Thinking as archipelago works with parallel, fragile discourses. Different temporalities coexist, multiple narratives, distinct ways of knowing. Border zones become spaces of invention. This mode of thinking gains urgency in the Anthropocene. Island contexts, with limited resources and vulnerable to climate disruption, develop alternative ways of living. They work around limitations through inventiveness and local resources. They maintain cultural diversity by operating through archipelagic logic.

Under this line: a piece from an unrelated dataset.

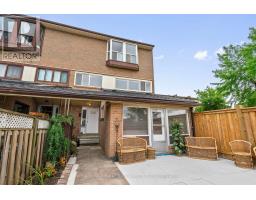 224 - 260 JOHN GARLAND BOULEVARD, Toronto, Ontario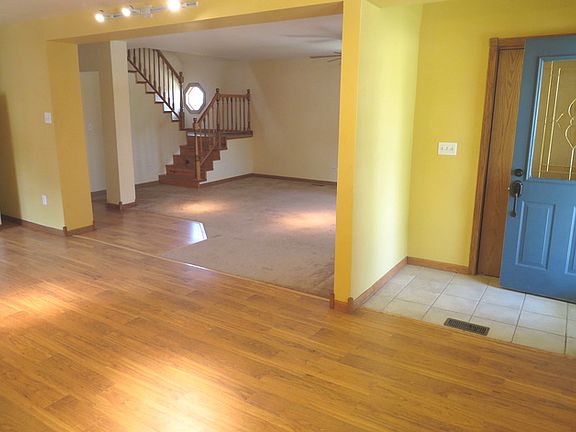 2nd image of 195 W Elm St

The archipelago refuses syntheses imposed by globalisation. It opposes closed systems, fundamentalisms, thought that homogenises. It allows thinking difference without hierarchy, diversity without homogenisation, relation without domination. Thinking as archipelago means recognising multiplicities, movements, becomings. Abandoning any claim to absolute truths. Knowledge is circumstantial production, reality is layered, connections form in constant flux. The archipelago offers a model for reimagining human relations, knowledge production, ways of inhabiting the world. It rests on respect for differences, the building of alliances, relational networks open to continuous transformation.